Der Change Prozess ist inzwischen fortgeschritten. Wie sieht dein Arbeitsalltag bei IdéeSport inzwischen aus?

Ich bin momentan stark als Coach der einzelnen Teams eingebunden, vermittle ihnen Wissen und Sicherheit im agilen Arbeiten und begleite sie. Momentan geht es darum, die letzten Projekte im Transformationsprozess abzuschliessen und von der Projekt- in die Betriebsphase überzugehen, um zu einer lernenden Organisation zu werden.

Denkst du, jede Organisation kann agil strukturiert sein?
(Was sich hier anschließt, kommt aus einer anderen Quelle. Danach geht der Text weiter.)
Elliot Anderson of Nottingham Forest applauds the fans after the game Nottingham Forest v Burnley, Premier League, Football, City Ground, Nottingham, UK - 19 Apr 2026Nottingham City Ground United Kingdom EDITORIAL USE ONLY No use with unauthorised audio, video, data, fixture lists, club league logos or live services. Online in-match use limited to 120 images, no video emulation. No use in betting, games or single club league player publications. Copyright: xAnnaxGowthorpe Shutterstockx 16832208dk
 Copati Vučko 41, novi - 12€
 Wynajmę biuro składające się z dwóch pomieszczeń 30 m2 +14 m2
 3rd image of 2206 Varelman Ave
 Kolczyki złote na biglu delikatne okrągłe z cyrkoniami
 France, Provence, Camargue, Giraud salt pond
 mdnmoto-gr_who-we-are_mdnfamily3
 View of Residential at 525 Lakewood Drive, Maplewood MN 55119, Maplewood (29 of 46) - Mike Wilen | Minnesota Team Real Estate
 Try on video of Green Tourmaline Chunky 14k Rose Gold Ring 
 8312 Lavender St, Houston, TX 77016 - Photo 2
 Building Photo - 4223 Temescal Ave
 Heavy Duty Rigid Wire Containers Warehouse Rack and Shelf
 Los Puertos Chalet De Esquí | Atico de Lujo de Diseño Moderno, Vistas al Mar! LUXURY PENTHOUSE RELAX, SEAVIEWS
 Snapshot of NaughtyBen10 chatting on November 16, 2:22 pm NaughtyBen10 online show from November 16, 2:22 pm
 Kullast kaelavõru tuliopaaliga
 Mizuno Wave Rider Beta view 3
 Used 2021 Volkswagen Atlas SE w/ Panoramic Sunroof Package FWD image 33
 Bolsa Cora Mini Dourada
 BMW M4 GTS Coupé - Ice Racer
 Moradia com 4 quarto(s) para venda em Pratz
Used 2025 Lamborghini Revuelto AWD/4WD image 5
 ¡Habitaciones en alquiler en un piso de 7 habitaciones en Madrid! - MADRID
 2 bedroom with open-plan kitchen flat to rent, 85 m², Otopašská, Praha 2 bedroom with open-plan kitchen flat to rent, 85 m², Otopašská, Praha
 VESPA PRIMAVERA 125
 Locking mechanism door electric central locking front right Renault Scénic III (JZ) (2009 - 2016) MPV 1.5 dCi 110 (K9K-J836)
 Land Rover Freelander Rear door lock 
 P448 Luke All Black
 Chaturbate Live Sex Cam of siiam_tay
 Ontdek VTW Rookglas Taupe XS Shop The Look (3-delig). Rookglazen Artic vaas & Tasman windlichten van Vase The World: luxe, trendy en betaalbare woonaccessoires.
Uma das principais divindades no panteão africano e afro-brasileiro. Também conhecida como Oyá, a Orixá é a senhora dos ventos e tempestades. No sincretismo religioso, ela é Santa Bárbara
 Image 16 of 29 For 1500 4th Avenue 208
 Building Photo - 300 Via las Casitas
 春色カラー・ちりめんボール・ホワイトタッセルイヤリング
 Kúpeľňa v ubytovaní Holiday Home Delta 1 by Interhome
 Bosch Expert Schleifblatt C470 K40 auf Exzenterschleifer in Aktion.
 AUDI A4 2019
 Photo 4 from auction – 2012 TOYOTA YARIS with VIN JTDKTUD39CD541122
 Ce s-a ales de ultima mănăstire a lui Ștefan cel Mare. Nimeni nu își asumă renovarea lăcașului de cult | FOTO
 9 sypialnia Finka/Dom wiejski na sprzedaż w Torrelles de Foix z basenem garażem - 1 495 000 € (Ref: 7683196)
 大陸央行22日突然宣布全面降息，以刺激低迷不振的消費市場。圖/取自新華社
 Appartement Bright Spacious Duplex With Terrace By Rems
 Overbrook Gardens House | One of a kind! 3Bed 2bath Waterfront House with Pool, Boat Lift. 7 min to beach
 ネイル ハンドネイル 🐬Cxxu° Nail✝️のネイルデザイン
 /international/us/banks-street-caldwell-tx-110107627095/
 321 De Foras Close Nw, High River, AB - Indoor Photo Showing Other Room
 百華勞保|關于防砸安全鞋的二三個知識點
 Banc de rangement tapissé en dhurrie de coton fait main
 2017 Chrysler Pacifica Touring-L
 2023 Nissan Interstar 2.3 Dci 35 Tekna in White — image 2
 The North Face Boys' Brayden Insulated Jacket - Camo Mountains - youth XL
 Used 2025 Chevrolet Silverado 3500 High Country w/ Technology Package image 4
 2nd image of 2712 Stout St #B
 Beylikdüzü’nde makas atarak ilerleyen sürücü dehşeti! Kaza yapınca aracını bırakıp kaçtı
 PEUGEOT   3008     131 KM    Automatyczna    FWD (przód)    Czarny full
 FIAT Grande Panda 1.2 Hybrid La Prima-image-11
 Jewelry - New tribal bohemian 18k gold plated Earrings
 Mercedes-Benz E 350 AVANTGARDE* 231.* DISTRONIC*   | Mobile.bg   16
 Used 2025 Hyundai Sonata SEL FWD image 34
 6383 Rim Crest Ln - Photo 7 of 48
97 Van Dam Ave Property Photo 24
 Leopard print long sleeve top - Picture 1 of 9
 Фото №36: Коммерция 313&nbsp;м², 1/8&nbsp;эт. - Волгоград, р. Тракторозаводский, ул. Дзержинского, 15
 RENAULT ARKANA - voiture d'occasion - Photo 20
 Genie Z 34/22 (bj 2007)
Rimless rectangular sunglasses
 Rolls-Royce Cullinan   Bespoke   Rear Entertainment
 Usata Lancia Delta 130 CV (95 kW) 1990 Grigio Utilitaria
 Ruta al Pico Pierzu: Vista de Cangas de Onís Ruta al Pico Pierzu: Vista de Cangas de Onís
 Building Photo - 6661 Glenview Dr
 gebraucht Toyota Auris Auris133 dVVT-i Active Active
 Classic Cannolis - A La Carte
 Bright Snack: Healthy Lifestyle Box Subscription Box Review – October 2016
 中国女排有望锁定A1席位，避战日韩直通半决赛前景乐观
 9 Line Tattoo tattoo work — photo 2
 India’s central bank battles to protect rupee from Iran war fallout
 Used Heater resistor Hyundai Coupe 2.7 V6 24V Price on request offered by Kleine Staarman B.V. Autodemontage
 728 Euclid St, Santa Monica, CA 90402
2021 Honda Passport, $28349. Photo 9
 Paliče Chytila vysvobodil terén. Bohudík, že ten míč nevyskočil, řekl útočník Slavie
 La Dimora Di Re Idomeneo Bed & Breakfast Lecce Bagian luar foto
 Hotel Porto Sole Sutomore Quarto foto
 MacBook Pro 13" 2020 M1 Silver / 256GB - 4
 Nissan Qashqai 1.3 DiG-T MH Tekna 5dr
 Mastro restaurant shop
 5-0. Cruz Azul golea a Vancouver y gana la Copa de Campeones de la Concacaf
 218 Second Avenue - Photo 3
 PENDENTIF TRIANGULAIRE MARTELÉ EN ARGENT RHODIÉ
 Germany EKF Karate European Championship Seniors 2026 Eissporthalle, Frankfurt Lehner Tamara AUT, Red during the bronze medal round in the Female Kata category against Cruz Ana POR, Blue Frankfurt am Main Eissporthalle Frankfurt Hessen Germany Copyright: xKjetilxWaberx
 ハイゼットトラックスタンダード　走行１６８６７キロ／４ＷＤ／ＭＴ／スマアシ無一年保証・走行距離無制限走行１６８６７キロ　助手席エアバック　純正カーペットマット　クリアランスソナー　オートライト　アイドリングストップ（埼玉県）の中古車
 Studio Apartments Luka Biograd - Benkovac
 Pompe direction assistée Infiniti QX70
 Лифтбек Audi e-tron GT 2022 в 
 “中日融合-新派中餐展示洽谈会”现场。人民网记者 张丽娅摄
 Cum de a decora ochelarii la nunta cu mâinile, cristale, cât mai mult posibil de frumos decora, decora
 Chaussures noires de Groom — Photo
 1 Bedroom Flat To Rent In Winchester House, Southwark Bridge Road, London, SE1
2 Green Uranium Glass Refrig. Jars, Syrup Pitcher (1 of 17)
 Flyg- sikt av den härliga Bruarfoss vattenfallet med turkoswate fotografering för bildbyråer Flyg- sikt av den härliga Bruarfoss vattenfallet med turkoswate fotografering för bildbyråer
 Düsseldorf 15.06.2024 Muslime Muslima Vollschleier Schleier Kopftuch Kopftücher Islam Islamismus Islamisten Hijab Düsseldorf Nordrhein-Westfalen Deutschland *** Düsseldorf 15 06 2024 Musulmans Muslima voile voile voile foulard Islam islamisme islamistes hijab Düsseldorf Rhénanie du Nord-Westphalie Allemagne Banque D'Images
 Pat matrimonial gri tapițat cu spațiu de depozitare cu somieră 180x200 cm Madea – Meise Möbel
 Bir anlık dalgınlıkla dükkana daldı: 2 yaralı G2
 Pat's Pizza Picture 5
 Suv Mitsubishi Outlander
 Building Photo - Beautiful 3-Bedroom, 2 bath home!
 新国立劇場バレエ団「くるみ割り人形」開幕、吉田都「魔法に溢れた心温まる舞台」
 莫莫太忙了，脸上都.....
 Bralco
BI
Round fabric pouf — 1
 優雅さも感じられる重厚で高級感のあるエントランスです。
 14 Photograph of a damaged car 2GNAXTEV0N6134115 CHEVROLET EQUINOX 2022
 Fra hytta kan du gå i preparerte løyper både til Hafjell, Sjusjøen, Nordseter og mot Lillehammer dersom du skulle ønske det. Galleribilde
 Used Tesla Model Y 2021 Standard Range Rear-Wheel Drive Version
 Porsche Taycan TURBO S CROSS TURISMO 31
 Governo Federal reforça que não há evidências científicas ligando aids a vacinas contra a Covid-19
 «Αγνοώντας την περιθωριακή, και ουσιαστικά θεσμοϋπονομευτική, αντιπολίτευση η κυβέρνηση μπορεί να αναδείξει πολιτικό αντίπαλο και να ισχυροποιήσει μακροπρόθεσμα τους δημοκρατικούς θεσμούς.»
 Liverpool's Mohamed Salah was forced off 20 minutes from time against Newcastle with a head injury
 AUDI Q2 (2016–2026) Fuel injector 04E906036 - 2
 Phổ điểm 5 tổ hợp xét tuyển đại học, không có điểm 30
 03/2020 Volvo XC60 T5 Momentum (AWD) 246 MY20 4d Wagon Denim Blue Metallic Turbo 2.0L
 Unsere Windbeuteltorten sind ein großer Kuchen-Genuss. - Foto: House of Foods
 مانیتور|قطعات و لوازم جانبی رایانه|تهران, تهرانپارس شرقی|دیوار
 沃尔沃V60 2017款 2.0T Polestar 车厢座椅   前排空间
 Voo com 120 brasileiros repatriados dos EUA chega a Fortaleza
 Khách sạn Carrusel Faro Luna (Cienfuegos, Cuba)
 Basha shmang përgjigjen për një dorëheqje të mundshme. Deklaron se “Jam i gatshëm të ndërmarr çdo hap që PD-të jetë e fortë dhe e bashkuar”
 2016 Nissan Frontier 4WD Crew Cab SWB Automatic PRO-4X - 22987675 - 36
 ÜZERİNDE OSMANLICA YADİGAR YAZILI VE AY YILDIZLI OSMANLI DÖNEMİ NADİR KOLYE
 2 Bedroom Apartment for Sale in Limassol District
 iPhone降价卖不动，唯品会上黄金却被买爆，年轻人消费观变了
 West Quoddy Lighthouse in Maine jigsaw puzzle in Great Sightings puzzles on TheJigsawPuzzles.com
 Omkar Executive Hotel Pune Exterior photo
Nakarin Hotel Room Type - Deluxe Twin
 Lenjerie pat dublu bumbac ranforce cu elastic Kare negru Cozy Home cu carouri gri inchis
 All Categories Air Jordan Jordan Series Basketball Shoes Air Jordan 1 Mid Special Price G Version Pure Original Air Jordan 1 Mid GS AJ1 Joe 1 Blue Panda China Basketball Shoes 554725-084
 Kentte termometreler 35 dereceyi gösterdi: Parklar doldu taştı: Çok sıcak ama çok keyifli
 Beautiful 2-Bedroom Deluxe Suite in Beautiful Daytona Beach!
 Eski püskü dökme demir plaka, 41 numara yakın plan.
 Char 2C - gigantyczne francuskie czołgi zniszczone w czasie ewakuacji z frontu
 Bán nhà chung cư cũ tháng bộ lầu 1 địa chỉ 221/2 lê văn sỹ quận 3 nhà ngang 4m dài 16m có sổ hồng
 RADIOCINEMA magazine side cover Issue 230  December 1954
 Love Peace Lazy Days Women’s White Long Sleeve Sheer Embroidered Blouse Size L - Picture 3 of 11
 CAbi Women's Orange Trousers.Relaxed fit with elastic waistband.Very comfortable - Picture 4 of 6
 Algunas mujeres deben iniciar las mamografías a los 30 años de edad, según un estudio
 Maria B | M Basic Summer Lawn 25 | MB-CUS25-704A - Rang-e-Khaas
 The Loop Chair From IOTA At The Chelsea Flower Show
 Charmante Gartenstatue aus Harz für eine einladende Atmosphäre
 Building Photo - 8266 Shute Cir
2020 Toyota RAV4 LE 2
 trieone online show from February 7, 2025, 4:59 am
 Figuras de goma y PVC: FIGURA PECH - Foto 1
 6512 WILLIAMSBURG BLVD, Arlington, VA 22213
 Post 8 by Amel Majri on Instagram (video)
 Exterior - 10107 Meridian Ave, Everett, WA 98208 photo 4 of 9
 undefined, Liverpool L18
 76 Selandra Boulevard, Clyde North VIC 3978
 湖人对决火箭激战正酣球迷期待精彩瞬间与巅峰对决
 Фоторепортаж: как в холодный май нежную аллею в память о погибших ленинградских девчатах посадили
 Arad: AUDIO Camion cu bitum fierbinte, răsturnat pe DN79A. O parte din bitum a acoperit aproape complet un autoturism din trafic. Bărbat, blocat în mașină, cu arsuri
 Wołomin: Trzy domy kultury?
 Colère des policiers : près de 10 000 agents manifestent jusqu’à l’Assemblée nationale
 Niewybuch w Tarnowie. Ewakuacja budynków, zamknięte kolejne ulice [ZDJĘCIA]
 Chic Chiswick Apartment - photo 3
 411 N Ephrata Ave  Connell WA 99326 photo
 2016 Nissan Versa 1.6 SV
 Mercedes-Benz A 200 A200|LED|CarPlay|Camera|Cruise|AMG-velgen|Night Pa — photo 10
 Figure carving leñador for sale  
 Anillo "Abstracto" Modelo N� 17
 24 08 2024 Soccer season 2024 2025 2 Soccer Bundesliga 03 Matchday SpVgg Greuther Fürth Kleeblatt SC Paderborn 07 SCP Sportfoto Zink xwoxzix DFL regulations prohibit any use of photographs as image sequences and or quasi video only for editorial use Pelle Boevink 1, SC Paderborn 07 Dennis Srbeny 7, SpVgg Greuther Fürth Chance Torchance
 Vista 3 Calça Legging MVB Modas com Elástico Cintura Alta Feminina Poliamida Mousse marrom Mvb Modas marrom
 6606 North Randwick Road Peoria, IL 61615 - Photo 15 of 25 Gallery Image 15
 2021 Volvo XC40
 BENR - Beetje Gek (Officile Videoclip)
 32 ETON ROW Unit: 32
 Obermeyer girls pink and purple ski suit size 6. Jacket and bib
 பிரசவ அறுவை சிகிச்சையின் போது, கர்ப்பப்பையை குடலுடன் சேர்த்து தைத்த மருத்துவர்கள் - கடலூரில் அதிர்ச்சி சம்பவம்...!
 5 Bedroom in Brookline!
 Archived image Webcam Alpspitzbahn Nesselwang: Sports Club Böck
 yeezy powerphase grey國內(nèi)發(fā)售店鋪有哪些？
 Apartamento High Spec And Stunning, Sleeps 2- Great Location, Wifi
Oder was sind die entscheidenden Erfolgsfaktoren für diese Arbeitsweise?

Ich glaube daran, dass es rein strukturell betrachtet, überall möglich ist, agil zu arbeiten. Ob die Agilität gelingt, hängt stark von der Motivation und der Einstellung der Menschen ab. Sie sind der entscheidende Faktor dafür, ob die Transformation gelingt.

Und dann gibt es natürlich Branchen, die einfacher agil werden können, da weniger fixe Rahmenbedingungen vorhanden sind. Beispielsweise sind in der Industrie gewisse Produktionsprozesse maschinell vorgegeben. Aber auch hier kann im Kleinen agil gearbeitet werden, z.B. mit selbstorganisierten Teams.

Sandro Antonello ist bei IdéeSport für die Organisationsentwicklung zuständig.